Just got on the elevator to take Hunter out, and it stopped at the floor right below mine. A woman got on with three little girls. They were all over the elevator, Hunter just stood there. They noticed him, asked to pet him, I said yes of course. Three little girls ALL over Hunter, petting him, hugging his neck, giggling and laughing and touching him all over. He was so calm, so gentle, gave each girl a kiss and wagged his tail for them. I watched him, but zero signs of stress as usual... just a calm, happy boy. We got out of the elevator with them, they kept hugging him, then he tried to follow them down the hallway. He was so calm and lovey with the kids. They loved him!

Overheard the mother before I exited the building, "Wow, he was such a nice doggy eh?" and one little girl say "I was sad, but not anymore! I love him!"

So grateful for Hunter... so grateful I can't say enough... After years of working with problem shelter dogs, years of handling and working with dogs with tons of issues, he is a breath of fresh air.
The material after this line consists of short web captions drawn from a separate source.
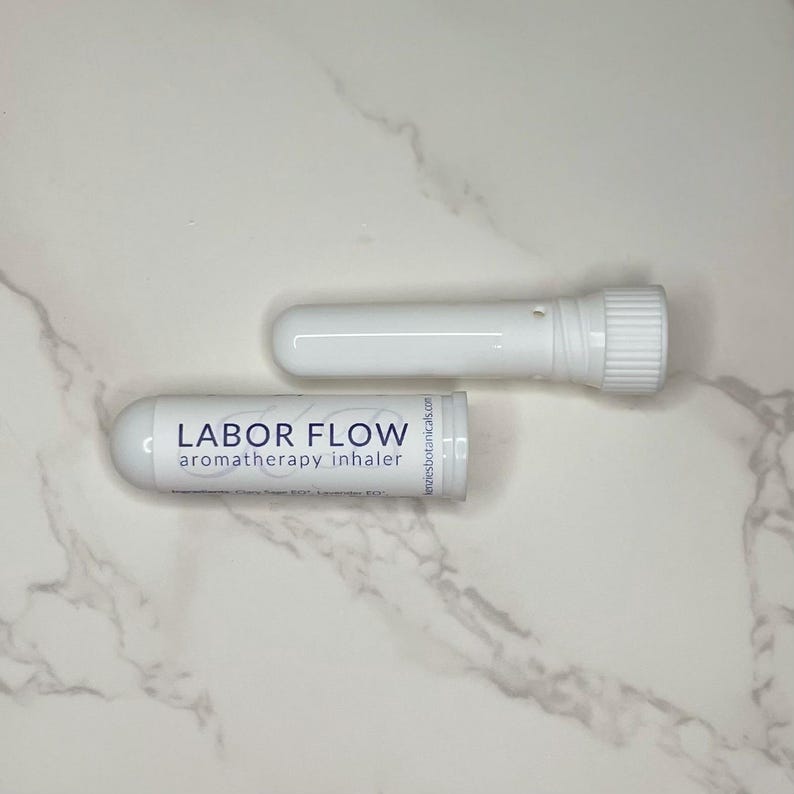 May include: Two white aromatherapy inhalers, one assembled and one disassembled, are displayed on a marble surface. The assembled inhaler has the text "LABOR FLOW aromatherapy inhaler" printed on it. The disassembled inhaler has a screw-on cap.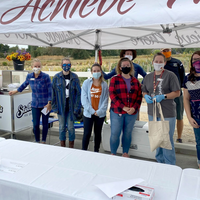 Farm to Fork volunteers helped distribute food to participants at the Campus Garden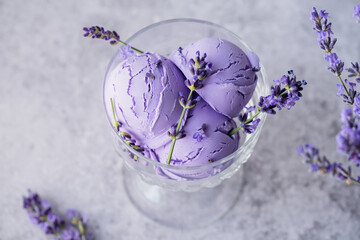 Creamy lavender ice cream presented in a clear glass dish on a gray background. Healthy dessert frozen. Sweet vegan breakfast. top view
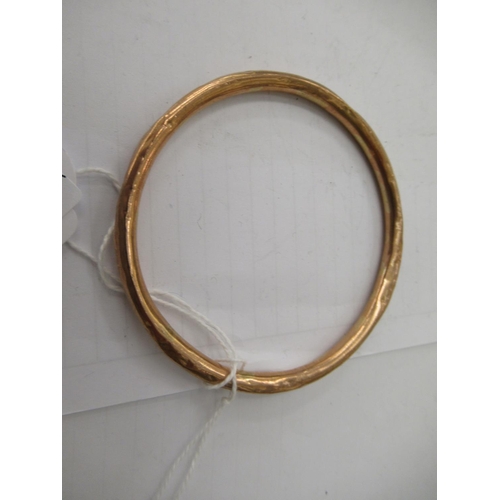 132 - A 9ct gold hollow bangle 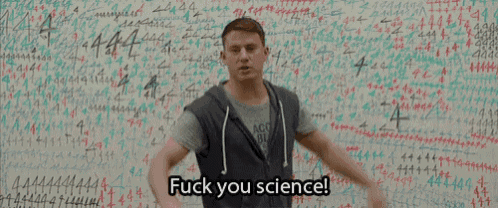 a man is standing in front of a wall with numbers on it and says fuck you science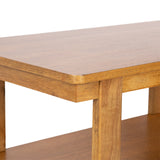 Close-up of a Foxford rectangle coffee table corner made of warm-toned wood with a smooth surface and slightly rounded edges on the tabletop and leg.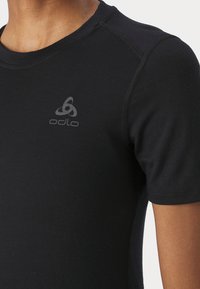 T-shirt noir Odlo à manches courtes avec col rond. Il présente un tissu lisse, des coutures contrastantes et un logo gris subtil sur la poitrine.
So grateful. He's such a good boy.


----------



## blehmannwa (Jan 11, 2011)

What a nice story! Thanks


----------



## MyHans-someBoy (Feb 23, 2013)

Yes, after dealing with all of the problem dogs and bless you for doing that-I'd say you deserve this wonderful, calm dog. 
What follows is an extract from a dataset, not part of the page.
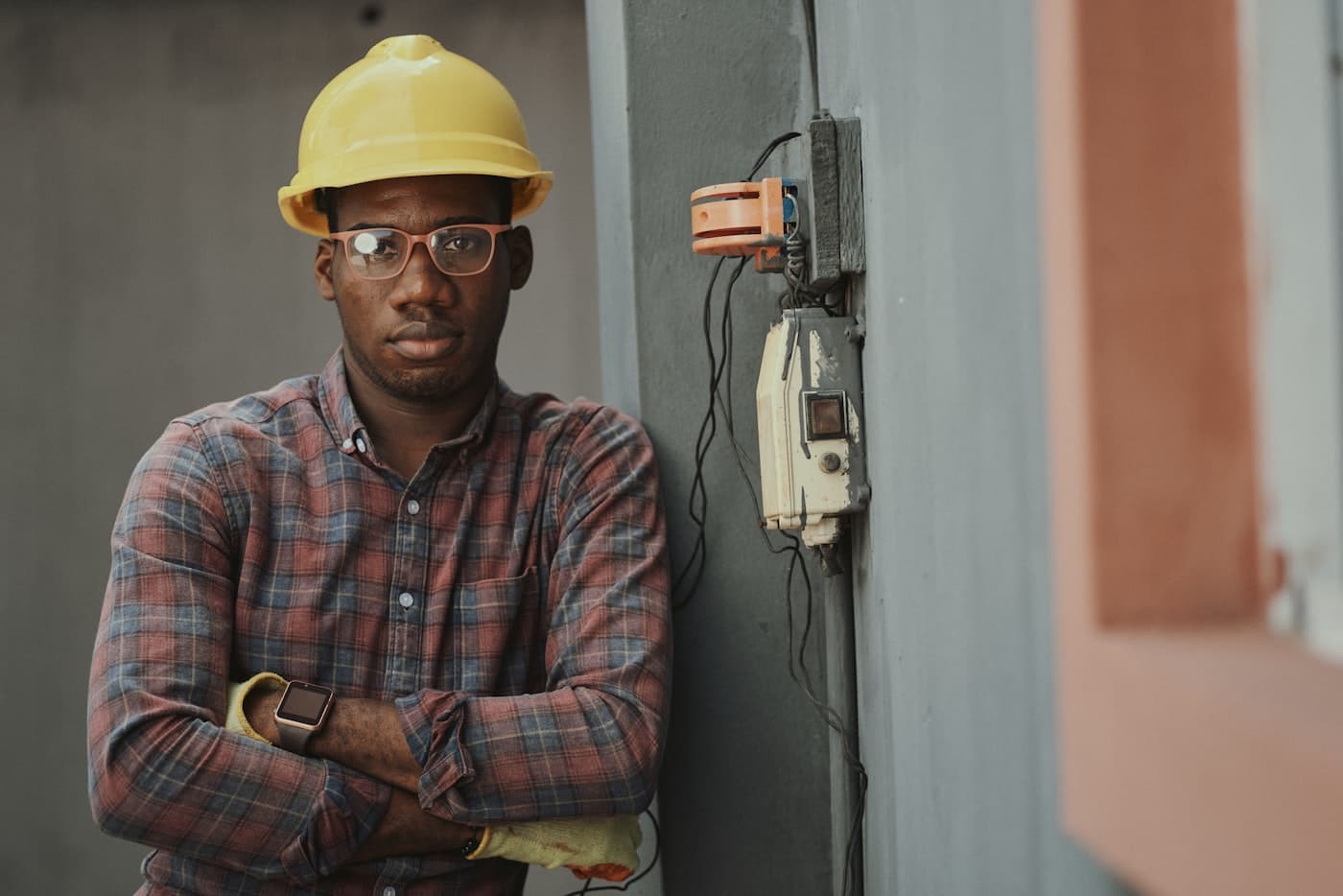 Utility worker in a hard hat on a job site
Sent from Petguide.com Free App


----------



## Courtney (Feb 12, 2010)

Good boy for showing them how it's done


----------



## gsdlover91 (Jul 21, 2012)

Good boy Hunter! 

We usually get those reactions from kids/parents also, I *love* it! Makes me so happy!


----------



## HarleyTheGSD (Feb 13, 2012)

To have a dog like yours is a blessing. Congratulations!


----------